Saved entries
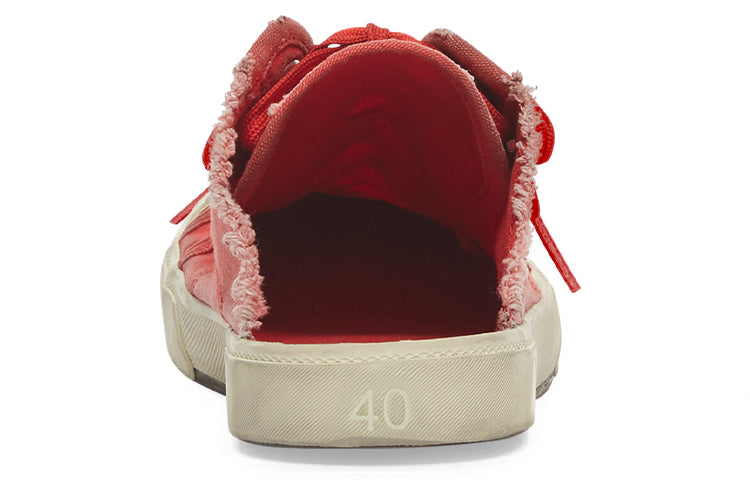 (WMNS) Balenciaga Paris Mules 'Red Destroyed Cotton and White Rubber' 693952W3RC36090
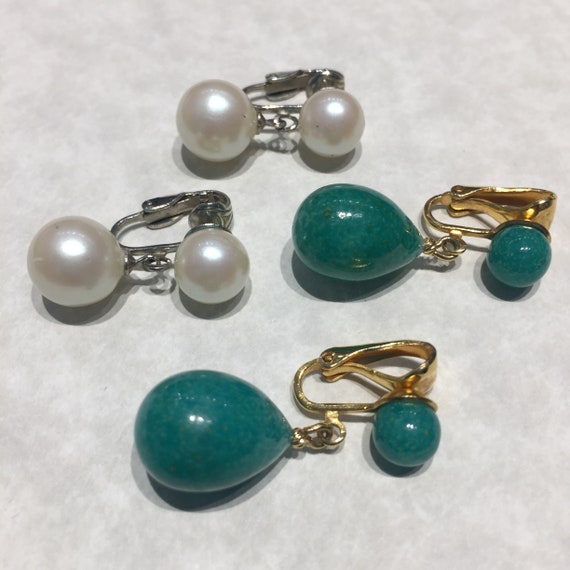 Faux Jade Pearl Clip On Earrings Earring Set Non P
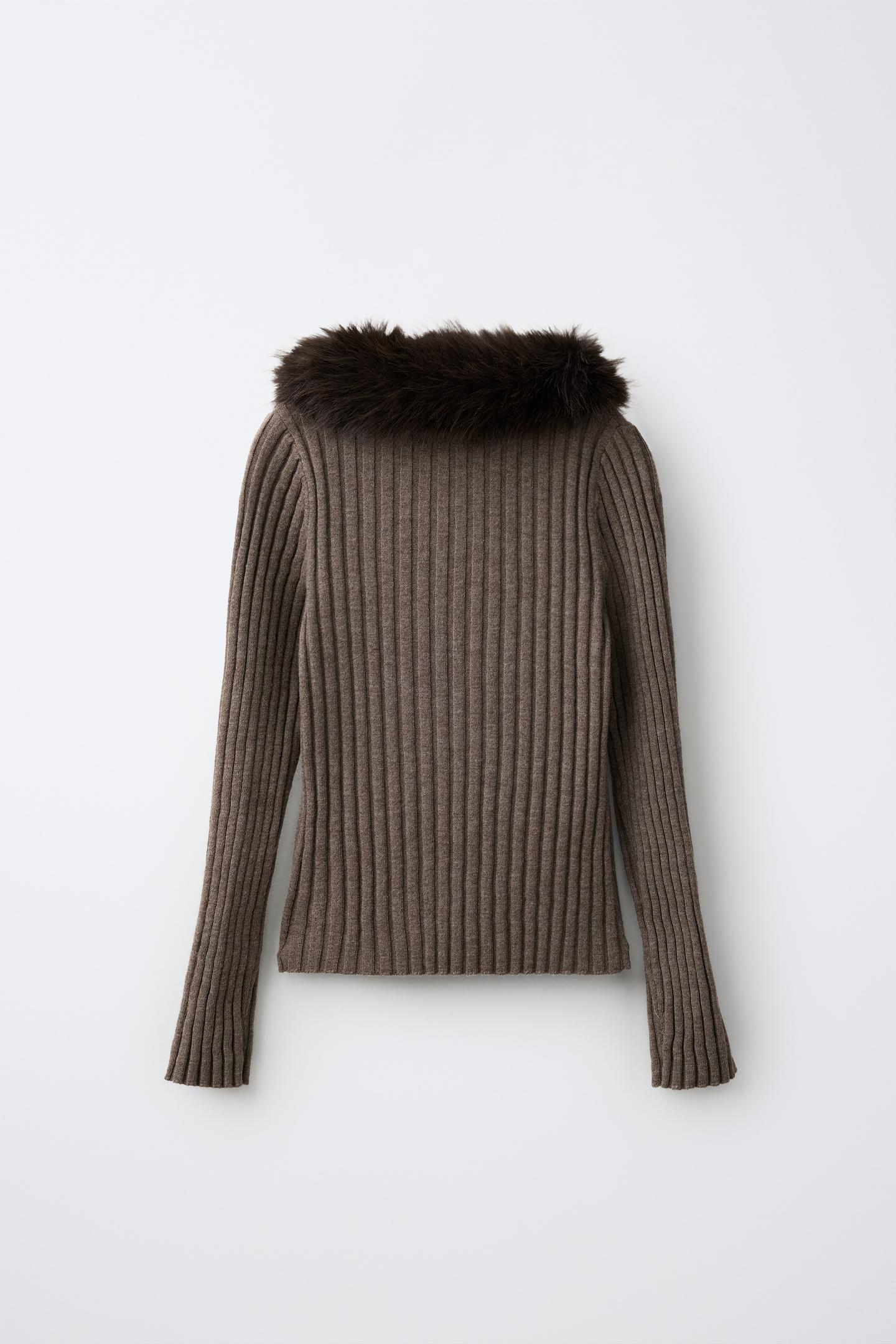 Детский свитер Zara Faux Fur Quarter-Zip, цвет: Коричневый — фото 4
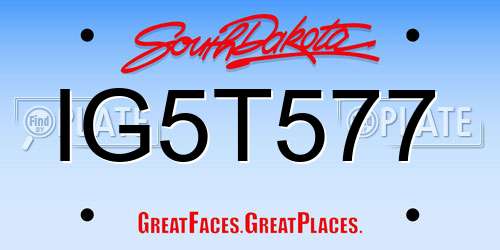IG5T577 South Dakota License Plate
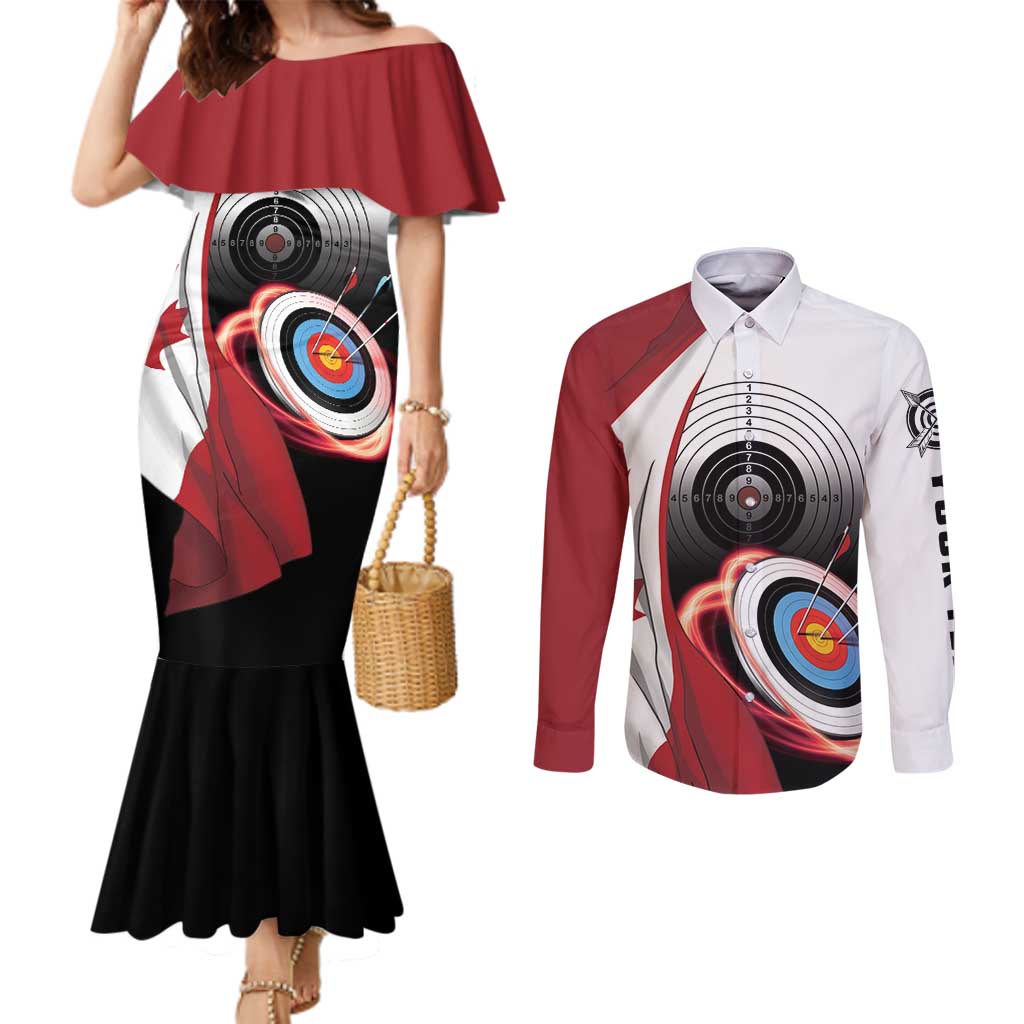 Personalized Canadian Flag Couples Matching Mermaid Dress and Long Sleeve Button Shirt Canada Archery Target - Maple Leaf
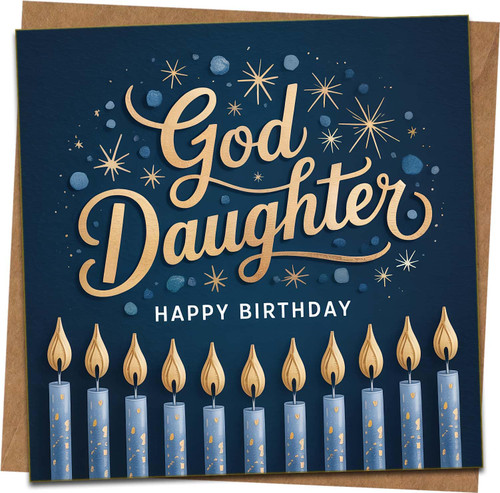 Goddaughter Birthday Card, 145mm x 145mm, Navy and Gold Stars & Candles Design, Happy Birthday Message, Premium Greeting Card with Kraft Envelope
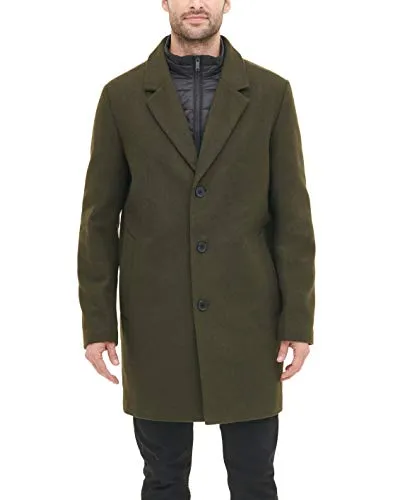 DKNY Men's Wool Blend Coat with Removable Quilted Bib, Olive, Medium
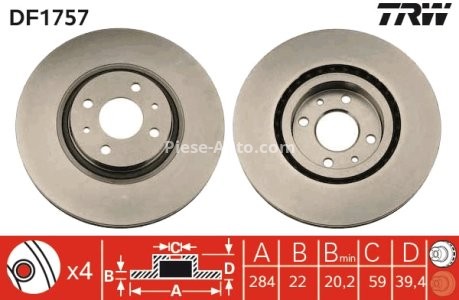 Disc frână TRW ,față, pentru: ALFA ROMEO 145, 146, 155; FIAT BRAVO II, COUPE, DOBLO, DOBLO/MINIVAN, MULTIPLA, PANDA, PUNTO, STILO, TIPO; LANCIA DEDRA, DELTA II 1.2-2.5 04.90- 3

_Problem requirements_:
Return exactly the lines from the one containing "DKNY Men's Wool" through the end of the records, leaving out every picture.

_Solved problem_:
 DKNY Men's Wool Blend Coat with Removable Quilted Bib, Olive, Medium
 Disc frână TRW ,față, pentru: ALFA ROMEO 145, 146, 155; FIAT BRAVO II, COUPE, DOBLO, DOBLO/MINIVAN, MULTIPLA, PANDA, PUNTO, STILO, TIPO; LANCIA DEDRA, DELTA II 1.2-2.5 04.90- 3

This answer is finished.